Problem: Using the listing below, copy exactly the lines from the one containing "Tower Roller 2" to the one containing "Sixth view of Homely house listing, 319", both lines included, and no others.
********
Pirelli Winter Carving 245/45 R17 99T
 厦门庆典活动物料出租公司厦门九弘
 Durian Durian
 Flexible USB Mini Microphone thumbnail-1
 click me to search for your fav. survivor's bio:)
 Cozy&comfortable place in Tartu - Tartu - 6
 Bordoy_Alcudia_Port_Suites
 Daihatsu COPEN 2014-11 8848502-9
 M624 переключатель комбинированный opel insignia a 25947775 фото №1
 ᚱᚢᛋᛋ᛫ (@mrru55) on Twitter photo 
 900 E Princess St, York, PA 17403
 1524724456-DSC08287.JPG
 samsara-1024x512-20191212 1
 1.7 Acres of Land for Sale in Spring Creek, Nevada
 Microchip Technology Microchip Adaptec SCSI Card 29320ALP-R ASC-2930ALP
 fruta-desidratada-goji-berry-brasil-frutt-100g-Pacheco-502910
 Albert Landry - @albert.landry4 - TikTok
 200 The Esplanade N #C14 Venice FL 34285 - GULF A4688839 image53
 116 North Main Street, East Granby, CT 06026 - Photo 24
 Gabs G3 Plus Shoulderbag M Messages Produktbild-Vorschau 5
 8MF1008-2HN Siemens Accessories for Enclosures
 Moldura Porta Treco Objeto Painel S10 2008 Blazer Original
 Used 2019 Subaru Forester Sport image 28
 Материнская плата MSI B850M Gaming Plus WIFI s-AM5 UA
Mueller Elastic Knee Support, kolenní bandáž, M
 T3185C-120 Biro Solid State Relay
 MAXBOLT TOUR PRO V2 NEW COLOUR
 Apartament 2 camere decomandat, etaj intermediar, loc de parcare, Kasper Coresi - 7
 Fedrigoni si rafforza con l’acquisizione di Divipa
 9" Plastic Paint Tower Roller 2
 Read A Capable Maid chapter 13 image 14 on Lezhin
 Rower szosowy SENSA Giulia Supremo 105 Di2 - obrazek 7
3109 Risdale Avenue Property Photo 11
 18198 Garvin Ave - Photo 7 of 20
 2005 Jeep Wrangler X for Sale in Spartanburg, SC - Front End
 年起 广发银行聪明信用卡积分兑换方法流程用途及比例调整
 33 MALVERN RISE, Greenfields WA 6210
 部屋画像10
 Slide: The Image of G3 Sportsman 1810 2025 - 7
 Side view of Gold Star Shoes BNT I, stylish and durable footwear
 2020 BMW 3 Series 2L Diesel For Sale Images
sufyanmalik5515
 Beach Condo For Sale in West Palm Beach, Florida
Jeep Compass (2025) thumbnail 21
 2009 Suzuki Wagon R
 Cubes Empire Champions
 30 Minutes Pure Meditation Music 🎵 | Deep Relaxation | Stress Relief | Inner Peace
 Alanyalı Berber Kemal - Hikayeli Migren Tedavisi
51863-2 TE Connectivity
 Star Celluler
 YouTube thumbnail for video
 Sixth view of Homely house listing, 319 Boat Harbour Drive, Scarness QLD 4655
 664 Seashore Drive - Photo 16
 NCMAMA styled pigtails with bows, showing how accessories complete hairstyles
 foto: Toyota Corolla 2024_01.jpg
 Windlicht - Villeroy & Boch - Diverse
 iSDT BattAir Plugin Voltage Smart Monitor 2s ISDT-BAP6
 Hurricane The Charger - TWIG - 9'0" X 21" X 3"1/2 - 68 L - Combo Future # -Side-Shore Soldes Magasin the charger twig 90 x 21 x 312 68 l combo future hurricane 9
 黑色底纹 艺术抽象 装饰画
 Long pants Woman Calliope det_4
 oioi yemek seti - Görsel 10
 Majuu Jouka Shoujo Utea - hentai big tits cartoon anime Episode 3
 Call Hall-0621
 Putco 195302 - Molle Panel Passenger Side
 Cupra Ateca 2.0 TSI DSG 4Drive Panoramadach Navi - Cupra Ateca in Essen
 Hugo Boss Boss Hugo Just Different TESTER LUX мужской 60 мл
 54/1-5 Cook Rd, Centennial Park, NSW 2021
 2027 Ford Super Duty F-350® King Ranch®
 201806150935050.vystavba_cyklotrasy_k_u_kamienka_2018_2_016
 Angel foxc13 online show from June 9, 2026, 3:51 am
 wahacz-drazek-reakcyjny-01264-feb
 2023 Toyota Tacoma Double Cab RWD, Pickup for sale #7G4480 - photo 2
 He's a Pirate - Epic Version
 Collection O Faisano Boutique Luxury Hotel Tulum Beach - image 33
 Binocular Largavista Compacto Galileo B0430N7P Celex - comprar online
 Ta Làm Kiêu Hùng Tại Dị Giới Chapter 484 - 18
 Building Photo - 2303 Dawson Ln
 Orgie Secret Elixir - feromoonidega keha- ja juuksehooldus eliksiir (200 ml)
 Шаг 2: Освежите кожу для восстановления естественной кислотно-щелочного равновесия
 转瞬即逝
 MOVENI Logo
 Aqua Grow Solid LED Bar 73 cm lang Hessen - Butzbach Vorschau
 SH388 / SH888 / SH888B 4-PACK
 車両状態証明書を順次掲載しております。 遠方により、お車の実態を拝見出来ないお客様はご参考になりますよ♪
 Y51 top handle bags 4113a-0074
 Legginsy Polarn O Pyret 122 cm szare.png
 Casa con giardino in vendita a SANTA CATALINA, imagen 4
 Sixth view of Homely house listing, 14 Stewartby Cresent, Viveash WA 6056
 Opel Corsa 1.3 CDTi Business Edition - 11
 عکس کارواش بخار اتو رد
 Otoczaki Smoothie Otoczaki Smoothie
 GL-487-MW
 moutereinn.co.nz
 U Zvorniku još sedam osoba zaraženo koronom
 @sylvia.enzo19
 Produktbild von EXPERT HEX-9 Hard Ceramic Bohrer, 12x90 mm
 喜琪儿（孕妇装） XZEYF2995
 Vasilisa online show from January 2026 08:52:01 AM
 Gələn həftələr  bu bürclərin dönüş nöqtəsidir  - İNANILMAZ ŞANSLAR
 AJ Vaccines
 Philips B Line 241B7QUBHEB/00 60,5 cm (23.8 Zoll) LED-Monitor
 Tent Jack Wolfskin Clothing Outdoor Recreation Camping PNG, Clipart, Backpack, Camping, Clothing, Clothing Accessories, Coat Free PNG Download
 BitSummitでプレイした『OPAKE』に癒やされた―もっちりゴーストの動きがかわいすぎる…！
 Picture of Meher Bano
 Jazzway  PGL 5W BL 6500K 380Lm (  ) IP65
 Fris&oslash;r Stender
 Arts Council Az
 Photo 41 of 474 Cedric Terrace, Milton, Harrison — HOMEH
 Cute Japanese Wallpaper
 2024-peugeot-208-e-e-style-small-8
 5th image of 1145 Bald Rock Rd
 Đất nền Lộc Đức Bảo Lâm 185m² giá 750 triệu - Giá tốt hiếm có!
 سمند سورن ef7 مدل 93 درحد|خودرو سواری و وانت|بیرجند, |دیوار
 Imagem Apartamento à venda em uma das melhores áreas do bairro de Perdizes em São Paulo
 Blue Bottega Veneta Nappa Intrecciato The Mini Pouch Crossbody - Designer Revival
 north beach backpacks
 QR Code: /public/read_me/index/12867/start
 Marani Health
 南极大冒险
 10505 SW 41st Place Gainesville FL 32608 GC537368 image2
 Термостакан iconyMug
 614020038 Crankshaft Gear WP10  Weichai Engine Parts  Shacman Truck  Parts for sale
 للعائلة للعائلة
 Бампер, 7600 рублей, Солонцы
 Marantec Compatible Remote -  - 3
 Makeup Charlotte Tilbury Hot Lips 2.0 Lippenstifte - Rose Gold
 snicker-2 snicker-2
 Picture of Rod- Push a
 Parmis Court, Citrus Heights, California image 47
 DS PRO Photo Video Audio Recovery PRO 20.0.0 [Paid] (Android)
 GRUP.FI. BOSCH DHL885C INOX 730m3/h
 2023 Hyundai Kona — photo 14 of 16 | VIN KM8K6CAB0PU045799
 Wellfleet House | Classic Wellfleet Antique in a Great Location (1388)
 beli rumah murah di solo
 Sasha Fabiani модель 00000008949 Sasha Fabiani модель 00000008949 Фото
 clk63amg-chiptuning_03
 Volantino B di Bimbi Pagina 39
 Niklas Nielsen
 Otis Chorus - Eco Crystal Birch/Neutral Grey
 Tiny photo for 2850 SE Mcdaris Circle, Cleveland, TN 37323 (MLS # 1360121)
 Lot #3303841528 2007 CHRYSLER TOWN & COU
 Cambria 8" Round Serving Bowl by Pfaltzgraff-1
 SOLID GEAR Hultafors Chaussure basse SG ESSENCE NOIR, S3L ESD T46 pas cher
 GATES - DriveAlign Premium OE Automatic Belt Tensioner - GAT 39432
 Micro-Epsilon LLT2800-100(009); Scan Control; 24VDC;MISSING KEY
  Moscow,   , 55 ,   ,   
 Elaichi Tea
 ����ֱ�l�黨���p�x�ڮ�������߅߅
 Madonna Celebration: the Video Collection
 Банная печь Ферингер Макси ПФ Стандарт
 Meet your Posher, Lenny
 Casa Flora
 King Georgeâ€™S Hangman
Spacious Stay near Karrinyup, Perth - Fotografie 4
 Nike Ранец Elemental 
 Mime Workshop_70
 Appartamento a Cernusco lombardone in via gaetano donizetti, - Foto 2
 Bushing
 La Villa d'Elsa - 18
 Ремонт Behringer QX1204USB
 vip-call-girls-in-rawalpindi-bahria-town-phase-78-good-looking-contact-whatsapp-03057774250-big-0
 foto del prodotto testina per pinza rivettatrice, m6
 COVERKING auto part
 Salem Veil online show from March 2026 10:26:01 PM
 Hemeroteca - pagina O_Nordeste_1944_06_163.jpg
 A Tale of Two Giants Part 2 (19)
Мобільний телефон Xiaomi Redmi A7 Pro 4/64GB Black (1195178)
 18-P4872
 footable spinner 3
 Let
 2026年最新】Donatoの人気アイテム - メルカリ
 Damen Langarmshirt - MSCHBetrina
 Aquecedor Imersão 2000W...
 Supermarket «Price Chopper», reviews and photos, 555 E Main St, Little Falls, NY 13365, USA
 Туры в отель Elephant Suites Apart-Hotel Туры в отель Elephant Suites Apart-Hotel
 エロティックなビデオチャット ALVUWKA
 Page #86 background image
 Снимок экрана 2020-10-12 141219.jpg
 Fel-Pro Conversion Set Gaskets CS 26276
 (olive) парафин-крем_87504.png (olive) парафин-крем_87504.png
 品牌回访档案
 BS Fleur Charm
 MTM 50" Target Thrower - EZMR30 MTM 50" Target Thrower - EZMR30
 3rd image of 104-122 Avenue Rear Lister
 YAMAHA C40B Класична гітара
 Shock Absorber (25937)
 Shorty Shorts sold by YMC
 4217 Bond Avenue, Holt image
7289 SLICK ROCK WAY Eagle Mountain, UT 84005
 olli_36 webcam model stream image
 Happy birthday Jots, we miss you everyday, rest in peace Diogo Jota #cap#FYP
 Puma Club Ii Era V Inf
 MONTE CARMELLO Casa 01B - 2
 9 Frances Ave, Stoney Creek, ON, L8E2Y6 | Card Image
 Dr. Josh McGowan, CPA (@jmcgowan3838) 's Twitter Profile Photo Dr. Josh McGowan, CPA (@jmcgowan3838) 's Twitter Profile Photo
********
Completed exercise:
 9" Plastic Paint Tower Roller 2
 Read A Capable Maid chapter 13 image 14 on Lezhin
 Rower szosowy SENSA Giulia Supremo 105 Di2 - obrazek 7
3109 Risdale Avenue Property Photo 11
 18198 Garvin Ave - Photo 7 of 20
 2005 Jeep Wrangler X for Sale in Spartanburg, SC - Front End
 年起 广发银行聪明信用卡积分兑换方法流程用途及比例调整
 33 MALVERN RISE, Greenfields WA 6210
 部屋画像10
 Slide: The Image of G3 Sportsman 1810 2025 - 7
 Side view of Gold Star Shoes BNT I, stylish and durable footwear
 2020 BMW 3 Series 2L Diesel For Sale Images
sufyanmalik5515
 Beach Condo For Sale in West Palm Beach, Florida
Jeep Compass (2025) thumbnail 21
 2009 Suzuki Wagon R
 Cubes Empire Champions
 30 Minutes Pure Meditation Music 🎵 | Deep Relaxation | Stress Relief | Inner Peace
 Alanyalı Berber Kemal - Hikayeli Migren Tedavisi
51863-2 TE Connectivity
 Star Celluler
 YouTube thumbnail for video
 Sixth view of Homely house listing, 319 Boat Harbour Drive, Scarness QLD 4655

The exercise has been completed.